For the second installment of our Web Analytics & Customer Analytics Face Off, we’re taking a look at how tools are used by various teams within an organization. Specifically, we’ll explore what kind of access customer-facing teams, like sales and support, are given to customer data obtained via analytics products.
In This Corner: Web Analytics
Traditionally, web analytics is reserved for data and product teams and not considered to have a place in customer-facing departments. It’s thought that analytics require a specialized skill set and therefore only technical users can benefit.
Since web analytics is not built to go down to the individual level, delivering insight on specified customers is quite difficult if not impossible, depending on the tool you’re using.
In This Corner: Customer Analytics
Customer-facing teams are often the ones who can most directly put customer insight into action. It logically follows then that these teams should have access to this information in a way that is conveniently consumable by them.
While you may not see it fit to have your sales reps performing retention analysis, they should certainly understand a lead or customer’s behavior prior to contacting them. Giving them this insight allows them to predict lead interests and intent, convert trial users, successfully onboard new accounts, and more. This is especially important for organizations that have a great amount of customer contact, such as B2B software/applications, real estate, insurance, etc.

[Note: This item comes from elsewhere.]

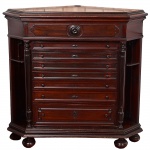 <b>Móvel de canto </b>em madeira nobre, de formato trapezoidal, com tampo chanfrado e base moldurada, apoiada sobre pés tipo bolacha. Frente composta por oito gavetas centrais ladeadas por colunas torneadas e prateleiras laterais embutidas. Bandeja superior com ornamento circular entalhado e ferragens originais em metal patinado. Brasil, final do séc. XIX / início do XX. Med. 123 x 115 x 86 cm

Similarly, support and service teams greatly benefit from understanding a customer’s activity when troubleshooting. Customer success teams can proactively reach out to at-risk accounts and improve customer retention and satisfaction.
This is easier said than done. The key to successfully arming your customer-facing teams with this insight is delivering a convenient and easily consumable experience. For example, embedding the customer insight directly in a tool they already use – such as your organizations’ CRM – makes it readily available and doesn’t require learning any new tools.
As Omer Minkara writes in Aberdeen Group’s customer analytics report, businesses “need to be laser-focused on utilizing customer data as the key ingredient of each customer-facing activity.” Minkara found that Best-in-Class companies who centralize customer intelligence for use in customer-facing activities enjoy 3.5 times higher retention rates, 20% year over year customer lifetime value growth, and 20 times greater revenue growth on a per customer basis.
Based on this research, we can see that delivering customer insight directly to customer-facing teams has tangible business benefits.
Have you ever needed greater insight into customer behavior while in a customer-facing role? On the other hand, have you ever felt the frustration of doing business with a company that did not provide this insight to their customer-facing teams?